—Os voy a explicar de dónde procede el concordato sacramental promulgado por el arzobispo Guzman de Monteurraca, llamado también El Tortolillo, quien evangelizó y canonizó a cuatrocientos indígenas en una misa celebrada en la capilla del colegio de las monjas escaldadas, llamadas así tras el alboroto que se produjo aquel día —dijo Oscar Amebo, profesor licenciado en dogmas del conocimiento mientras en la clase todos atendían con fervoroso silencio sepulcral.

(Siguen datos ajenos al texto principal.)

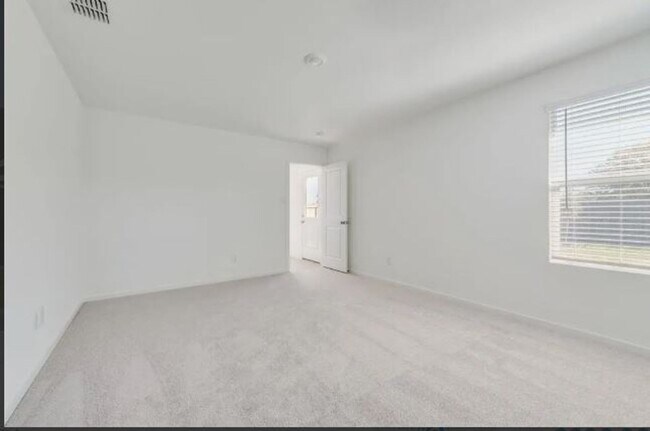 Building Photo - For Rent: Beautiful 4-Bedroom Home in Sherman, TX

En la fila del fondo, Gaspar, individuo de por si lacónico aguardaba las venideras palabras del profesor tal como si estuviera viendo a la virgen, y se hurgaba insistentemente la nariz aún cuando hacía ya rato que no quedaba ni un moco. A su lado, un auténtico pecado de la naturaleza se rascaba la cotorra poniendo cara de mala leche, aunque, en verdad, sus pensamientos rayaban lo etéreo y espiritual.

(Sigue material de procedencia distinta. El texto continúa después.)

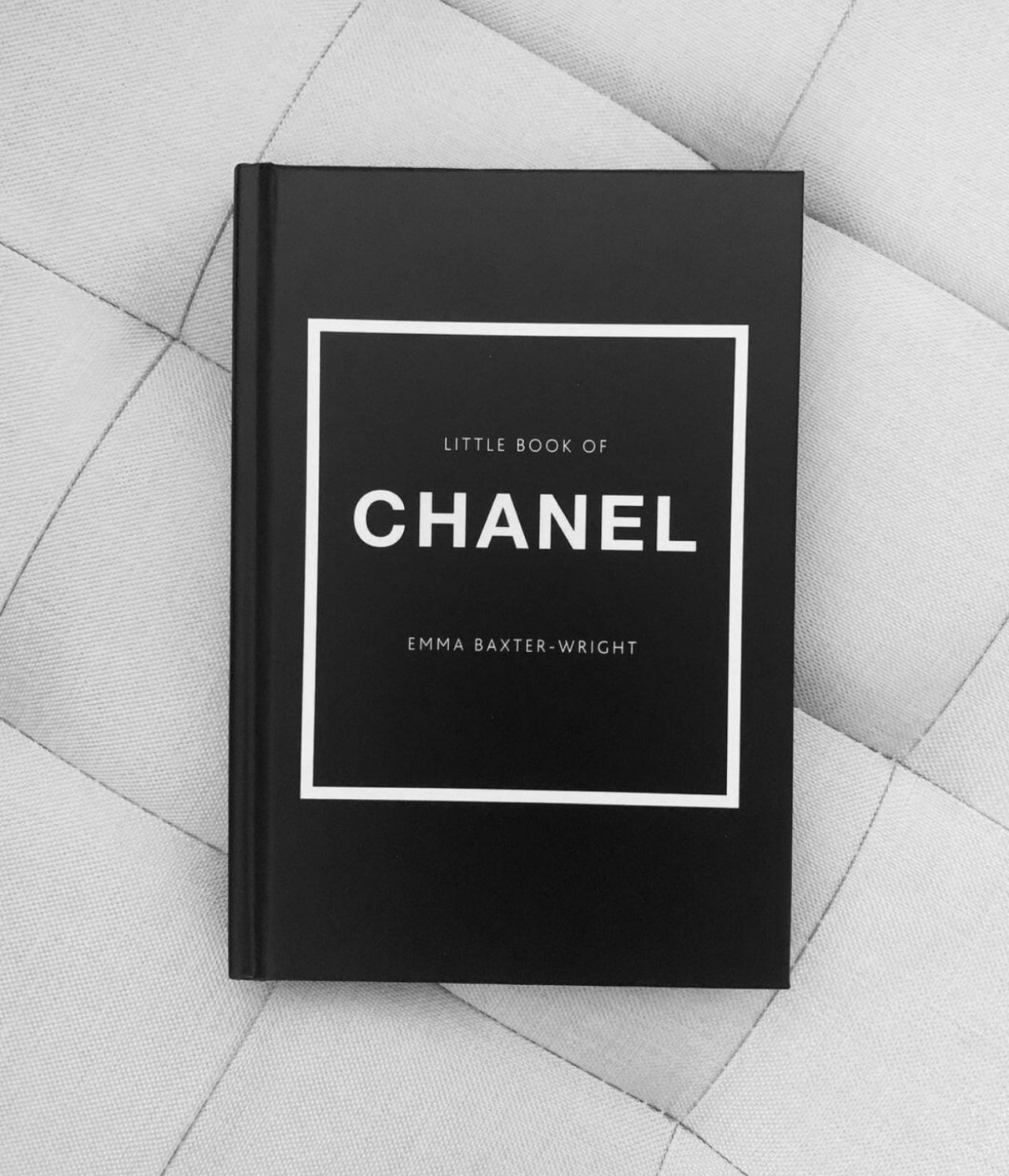 Accents, Little Book Of Chanel Great Coffee Table Book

Oscar, con actitud solemne, pasó dos veces por delante de la pizarra exhibiendo con orgullo su minusvalía, como si tener una pierna mucho más corta que la otra fuera un rasgo de indudable distinción. La tripa le colgaba groseramente por encima del pantalón, y a cada paso se balanceaba como un péndulo, haciendo que su contrahecha figura se tambaleara como convulsionada por un espasmo de dolor, pero él sonreía mostrando su putrefacta y negruzca dentadura. Exhalando un aluvión de bacterias impregnadas de mal aliento exclamó:
—¡Pandilla de pelagatos! Estoy hasta el gorro de tanto pollaboba. No tenéis ni puta idea de nada. ¡Dios santo ¿por qué tengo que llevar este lastre? Gentuza impresentable, desechos de charcutería, menuda colección de zurullos a cual más maloliente! Escuchadme bien tontos laba que esto que os voy a contar es muy importante. Os aseguro que como alguien abra la boca lo voy a aplastar con mi culo.
Y diciendo esto, con la gracia de una bailarina, se sentó en su silla y colocando su mano derecha en la barbilla apoyó el codo sobre la mesa y quedó como en trance meditativo con lo ojos cerrados.
Veinte minutos de absoluto silencio habían pasado cuando sonó el timbre que anunciaba el final de la jornada y el correteo de los alumnos por los pasillos manifestaba la alegría por la llegada del fin de semana, pero en la clase del profesor Oscar Amebo todo era silencio y expectación.
Media hora más tarde asomó por la puerta el director del colegio, persona elegante que normalmente paseaba los síntomas de su incontinencia, y acercándose a la mesa del profesor posó su mano sobre su hombro, momento en el cual el profesor Amebo se escurrió por la silla golpeando su cabeza en el suelo produciendo un sonido hueco y vibrante. Quedó tumbado en el suelo con una expresión de terror. El director tomándole el pulso en el cuello gritó:
—¡Está muerto!
Una explosión de euforia estalló en la clase y no hubo quien no saltara espontáneamente de jubilo expresando a grito pelado su gran alegría.
Nota: No pertenece a El enigma de la cacatúa.
Comentarios
me gusta tu estilo, buenas metáforas, describes situaciones y personas precisamente, el lector puede verlas y sentir con ellos.
Qizás frases un poco mas cortas?
- me gusta mucho
- tuve que reirme
No entiendo bien como termina tu relato:
Saludos de Alemania
Pedrito
Bueno, viene a decir que los chavales se pusieron muy contentos.